> [Work task] Repeat the entries below exactly as they appear, with no pictures.

> [Material provided]
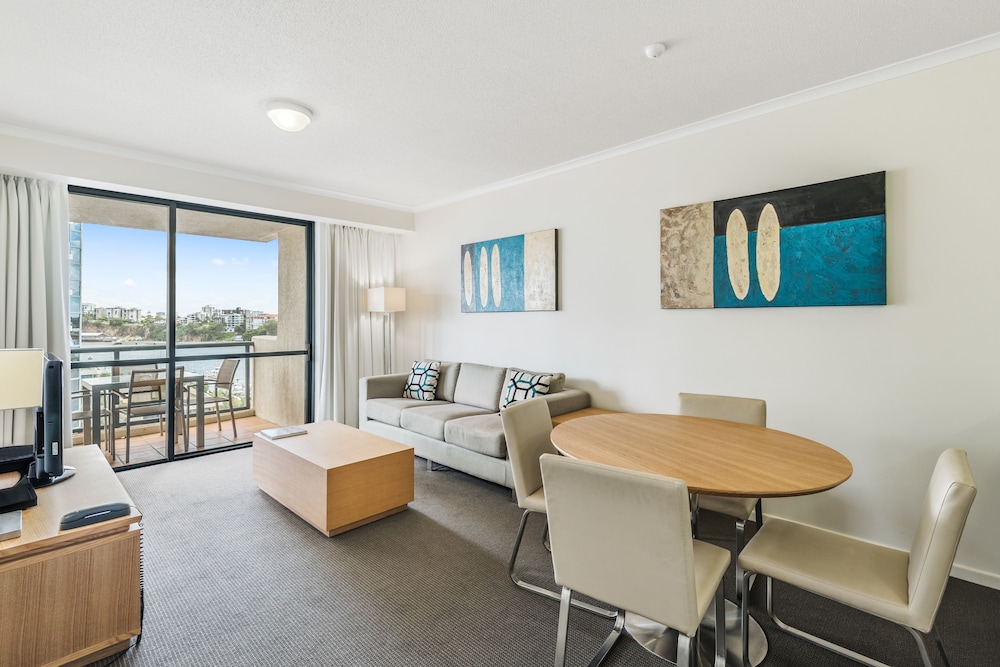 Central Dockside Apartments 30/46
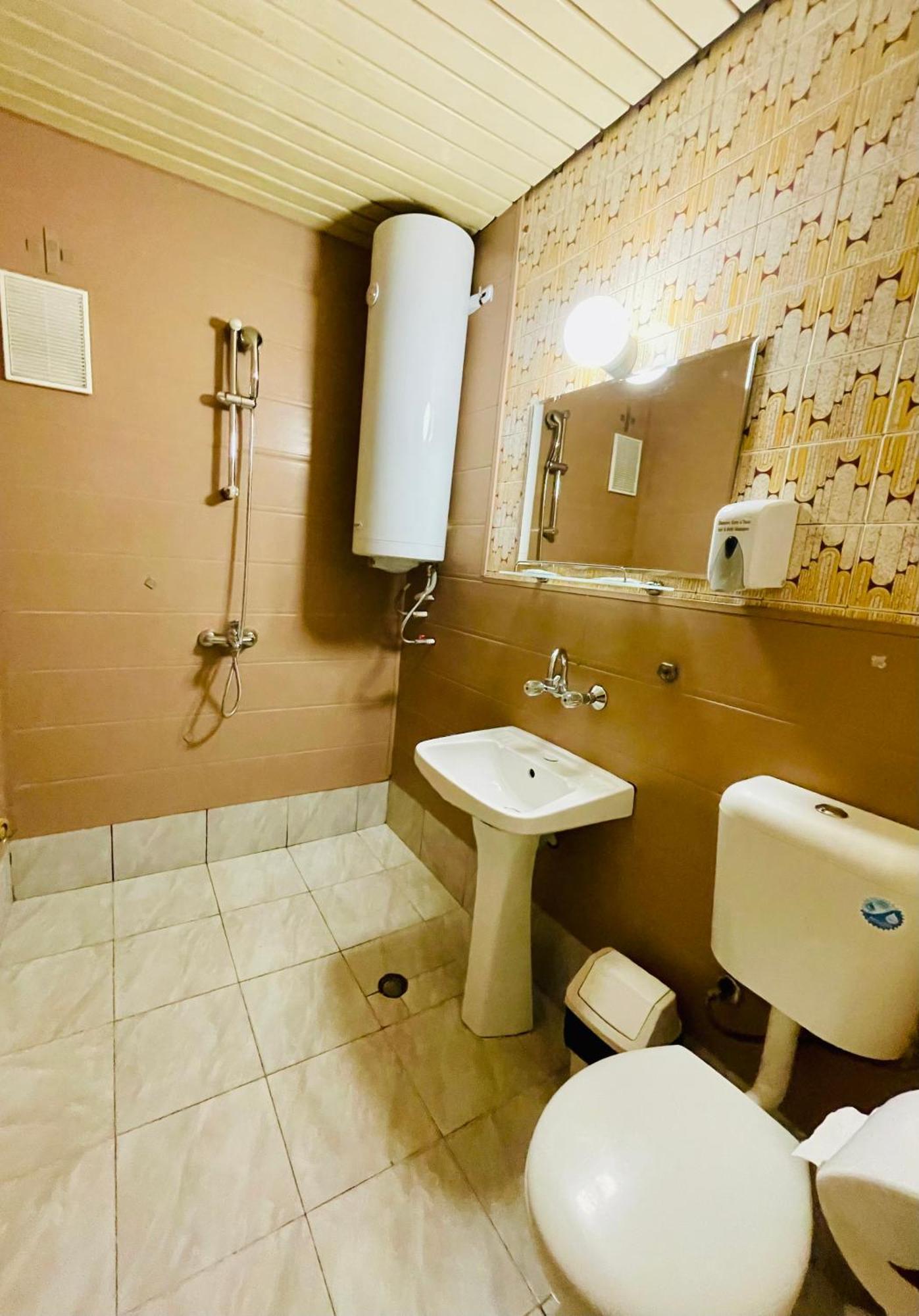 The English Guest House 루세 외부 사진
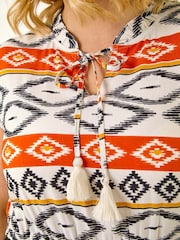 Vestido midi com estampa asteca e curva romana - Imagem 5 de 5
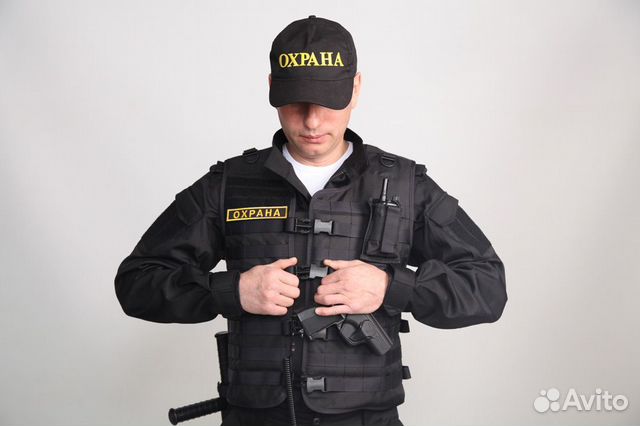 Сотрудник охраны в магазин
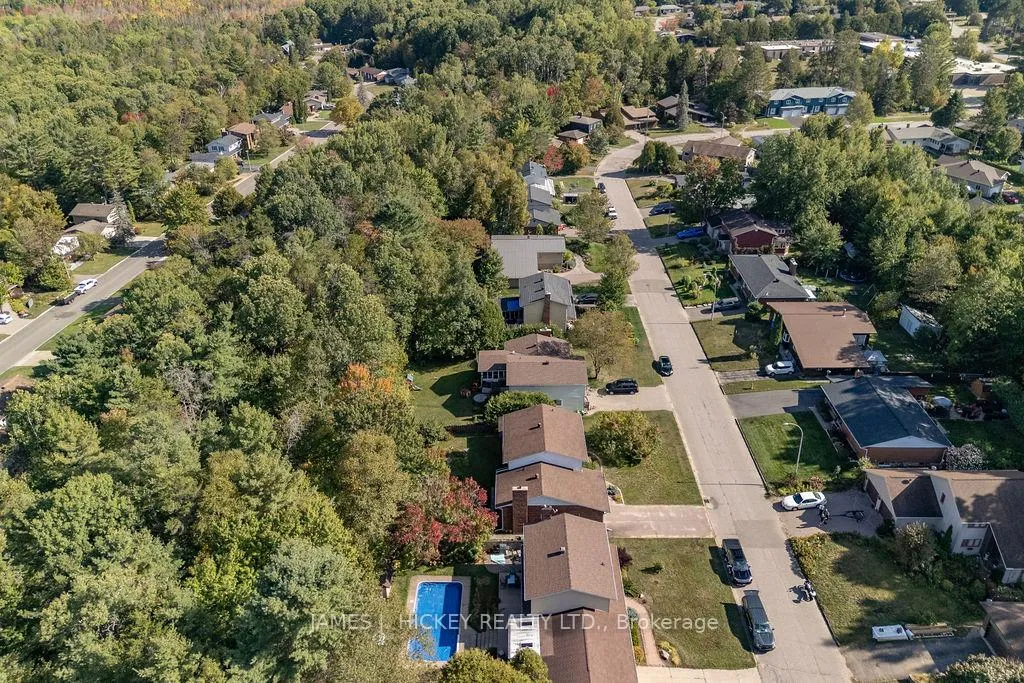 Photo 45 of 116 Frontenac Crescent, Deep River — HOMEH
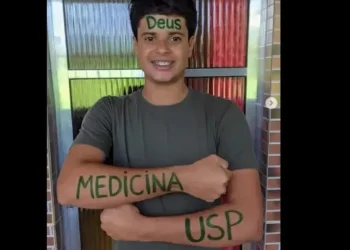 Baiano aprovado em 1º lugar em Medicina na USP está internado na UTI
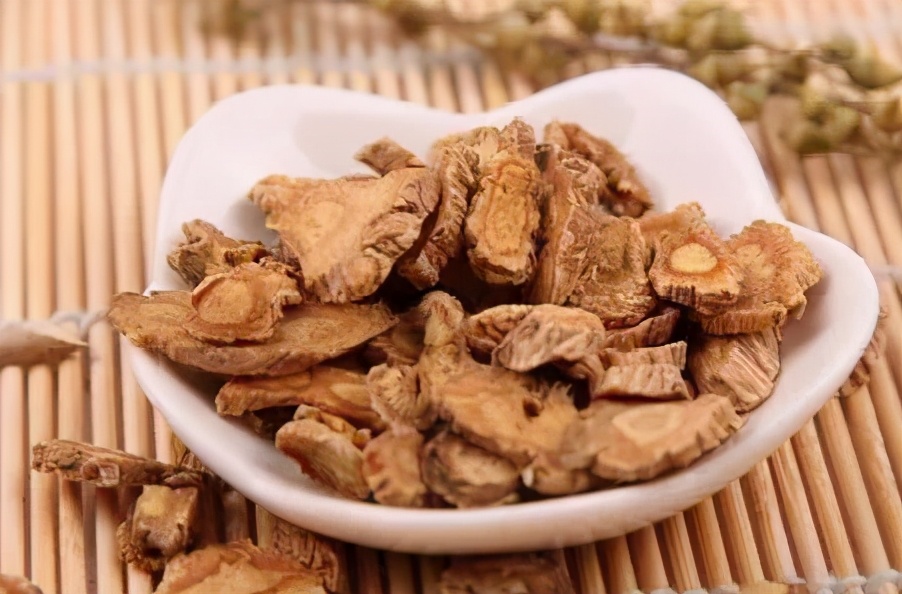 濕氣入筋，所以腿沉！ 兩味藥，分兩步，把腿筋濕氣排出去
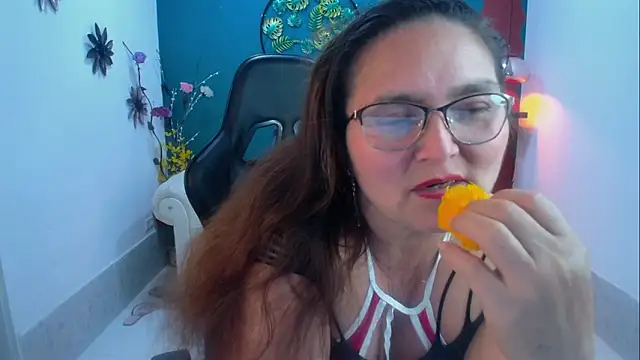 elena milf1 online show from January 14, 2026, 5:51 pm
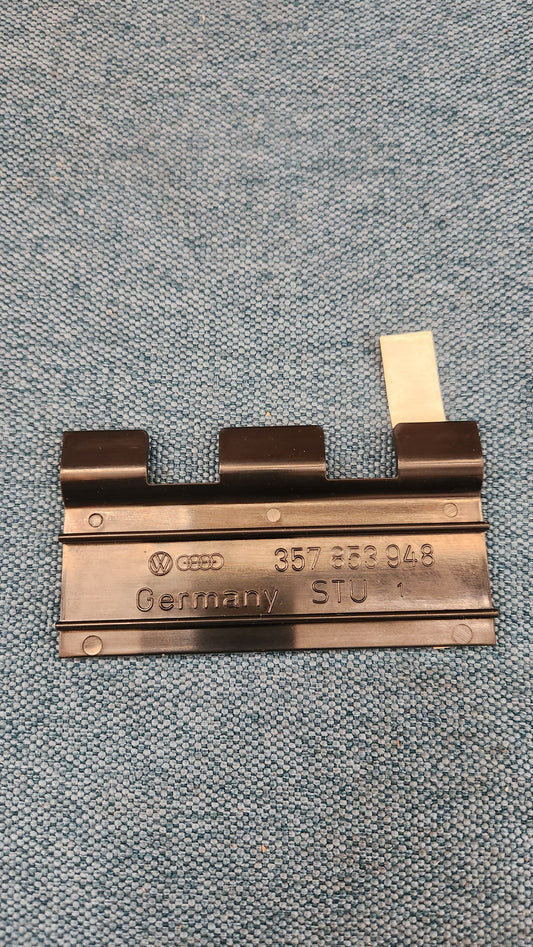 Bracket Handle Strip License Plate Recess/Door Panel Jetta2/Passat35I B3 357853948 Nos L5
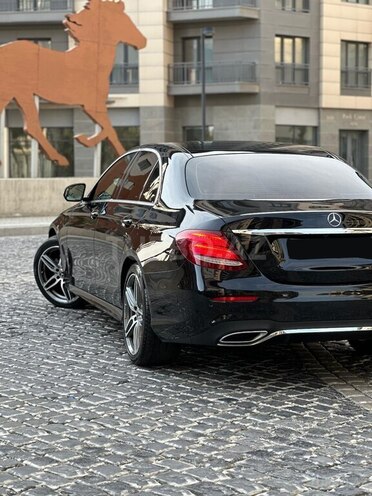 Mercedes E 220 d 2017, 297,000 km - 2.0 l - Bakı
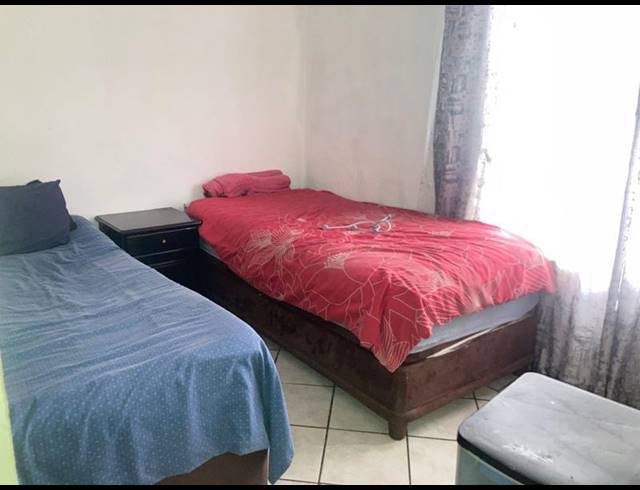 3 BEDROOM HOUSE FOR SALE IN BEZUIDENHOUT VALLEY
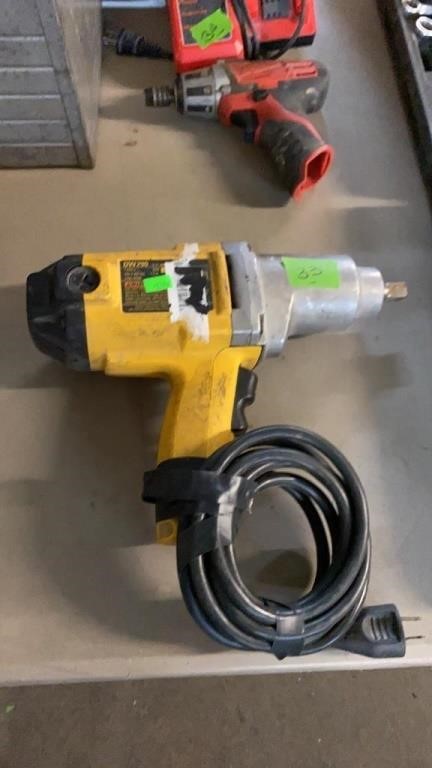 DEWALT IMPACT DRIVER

> [Answer for the task]
 Central Dockside Apartments 30/46
 The English Guest House 루세 외부 사진
 Vestido midi com estampa asteca e curva romana - Imagem 5 de 5
 Сотрудник охраны в магазин
 Photo 45 of 116 Frontenac Crescent, Deep River — HOMEH
 Baiano aprovado em 1º lugar em Medicina na USP está internado na UTI
 濕氣入筋，所以腿沉！ 兩味藥，分兩步，把腿筋濕氣排出去
 elena milf1 online show from January 14, 2026, 5:51 pm
 Bracket Handle Strip License Plate Recess/Door Panel Jetta2/Passat35I B3 357853948 Nos L5
 Mercedes E 220 d 2017, 297,000 km - 2.0 l - Bakı
 3 BEDROOM HOUSE FOR SALE IN BEZUIDENHOUT VALLEY
 DEWALT IMPACT DRIVER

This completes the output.